- **Supplied material**:
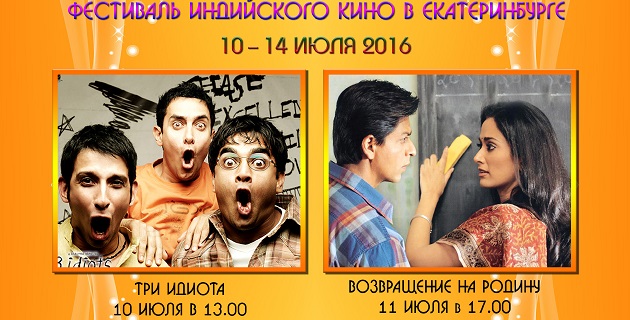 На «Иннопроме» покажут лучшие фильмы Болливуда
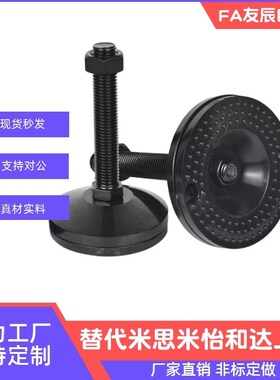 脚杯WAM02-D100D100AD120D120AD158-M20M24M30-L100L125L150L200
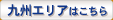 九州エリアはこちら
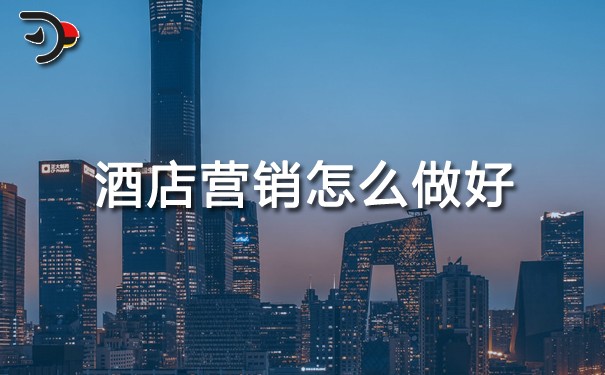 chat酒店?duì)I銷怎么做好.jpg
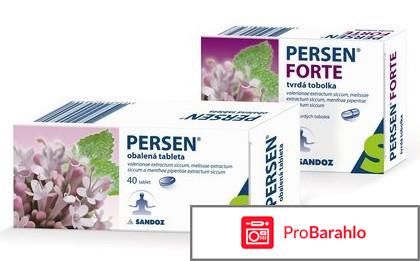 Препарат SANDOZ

...

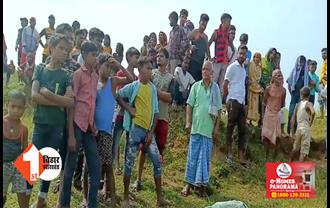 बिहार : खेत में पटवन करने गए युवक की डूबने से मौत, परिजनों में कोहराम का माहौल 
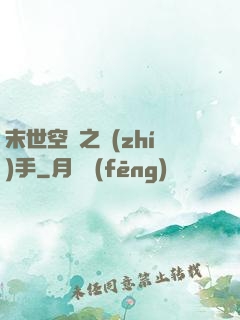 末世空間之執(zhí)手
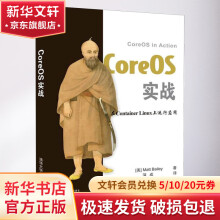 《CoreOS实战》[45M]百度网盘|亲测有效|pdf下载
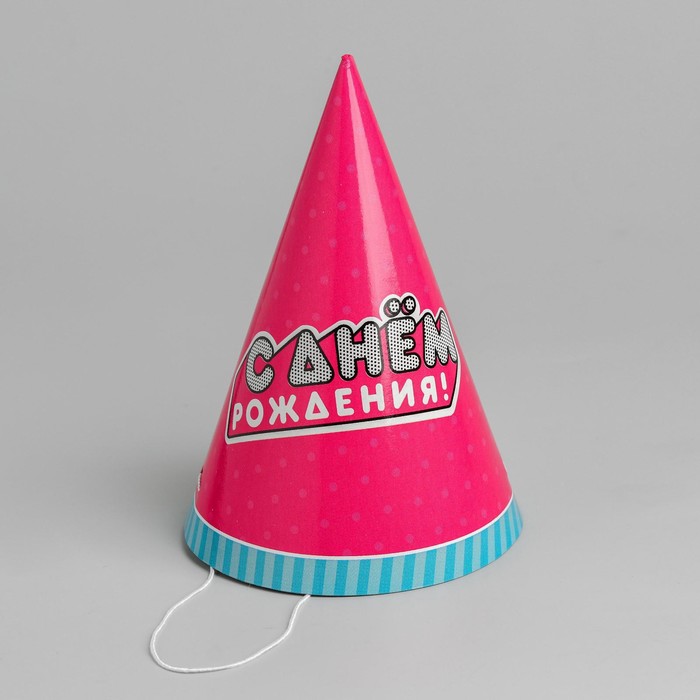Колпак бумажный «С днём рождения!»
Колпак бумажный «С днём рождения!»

---

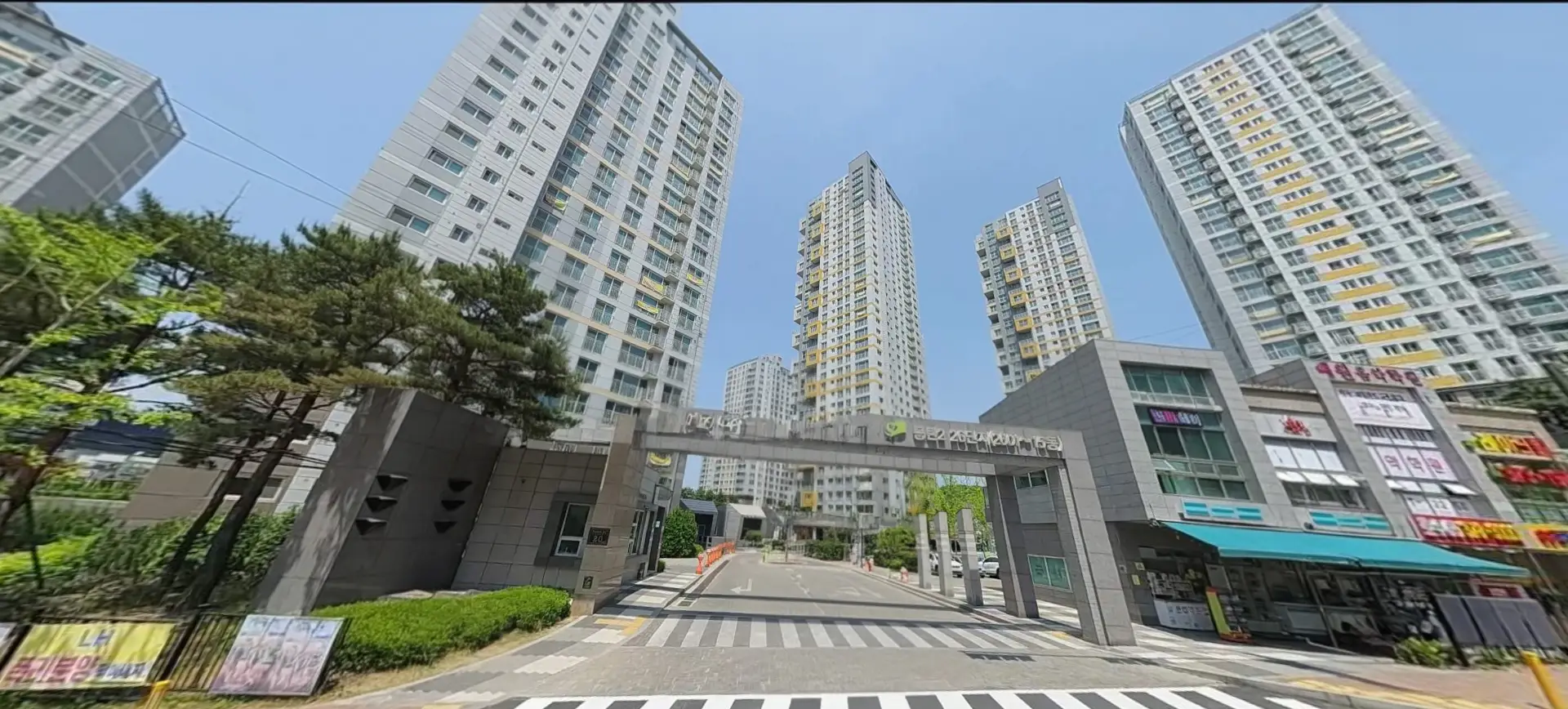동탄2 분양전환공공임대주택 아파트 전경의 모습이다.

- **What you have to do**: Having found the line with "脚杯WAM02-D100D1" and the line with "Препарат SANDOZ" in the material above, write out exactly those two and every line between, leaving the pictures out.

- **Output of the exercise**:
 脚杯WAM02-D100D100AD120D120AD158-M20M24M30-L100L125L150L200
 九州エリアはこちら
 chat酒店?duì)I銷怎么做好.jpg
 Препарат SANDOZ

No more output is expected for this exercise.